Below is the latest Book Stew Review from Eileen MacDougall, the host of the 80+ episodes of Book Stew, a 30-minute video and podcast devoted to writing in all forms, featuring authors, playwrights, voice artists, and journalists.

‘Last Chance Texaco: Chronicles Of An American Troubadour’ by Rickie Lee Jones

The author, a unique voice in American music, transcends a rough childhood and a heroin habit, and writes a memoir as lyrical as her poetic songs of street life and its denizens.

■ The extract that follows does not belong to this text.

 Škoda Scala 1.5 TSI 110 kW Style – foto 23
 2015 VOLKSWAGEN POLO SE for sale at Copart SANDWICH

She grows up amid fractured parents and siblings, and the turning point is when Rickie emancipates herself and takes to the road as a 14-year old run-away in a stolen car.

Time and time again, she is saved by sympathetic strangers, by a kind of policeman, by her mother, and by Tom Waits, Lowell George, and Dr. John, the unholy trio of her life.

Rickie’s dramatic and unlikely rise to sudden stardom does not destroy her, and the reader will be convinced of her heroism in surviving and coming out the other side with wisdom and grace. The book is filled with poignant photos and song lyrics.

Quotes: “There was only one chair left for women musicians at the big table, whereas the boys-only room had plenty of empty chairs.”

“I was aware before I even made a record of the danger of being used up too fast.”